» **Dataset section**
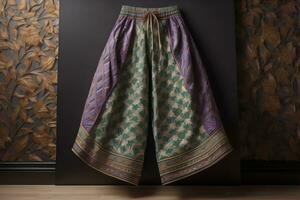 Men's shorts with a pattern on a solid color background. Studio shooting. ai generative photo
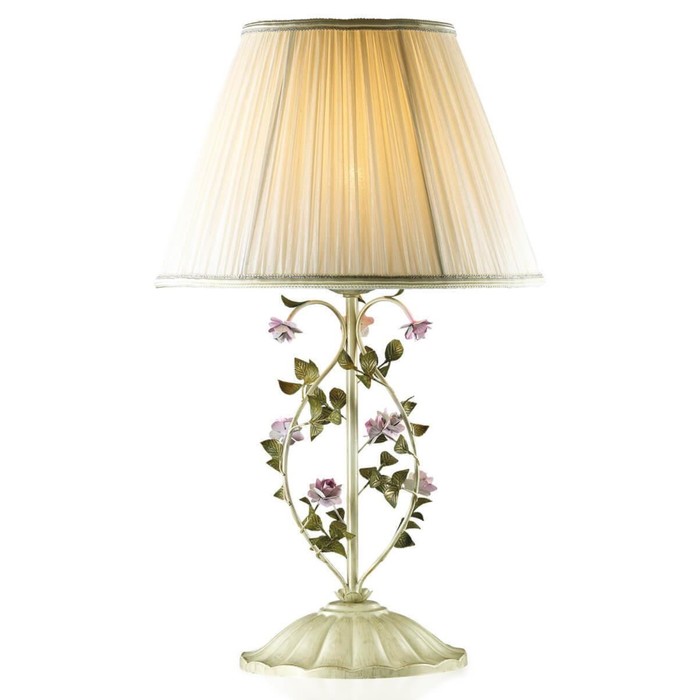 Настольная лампа "Тендер" 1 лампа (E27 60W 220V) беж/декор.цветы/абажур ткань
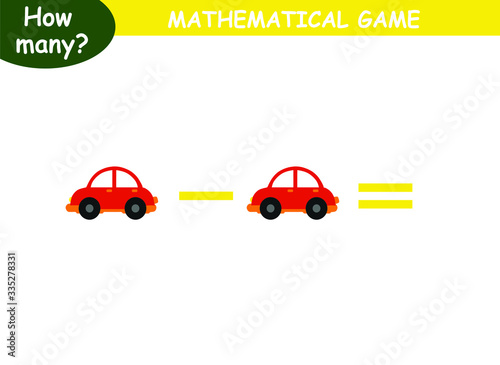 examples of subtraction with cars. educational page with mathematical examples for children.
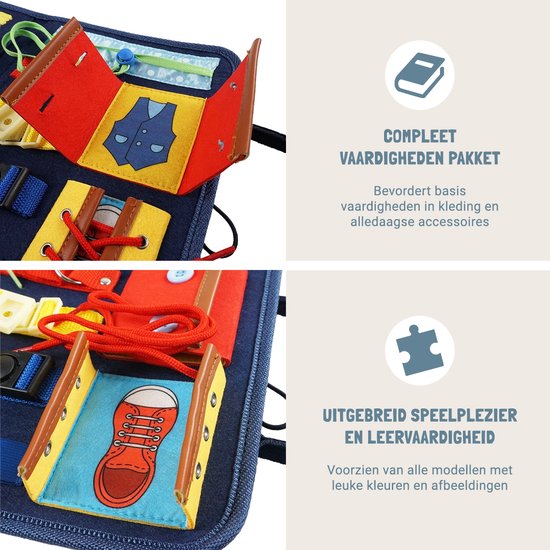 Blauwe stoffen busy board met gele, rode en blauwe onderdelen: rits, gespen, schoenveter en knopen. Met tekst 'Compleet vaardigheden pakket'.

» **Problem to work on**
Print every line above once more, exactly. Omit the pictures.

» **Your solution**
 Men's shorts with a pattern on a solid color background. Studio shooting. ai generative photo
 Настольная лампа "Тендер" 1 лампа (E27 60W 220V) беж/декор.цветы/абажур ткань
 examples of subtraction with cars. educational page with mathematical examples for children.
 Blauwe stoffen busy board met gele, rode en blauwe onderdelen: rits, gespen, schoenveter en knopen. Met tekst 'Compleet vaardigheden pakket'.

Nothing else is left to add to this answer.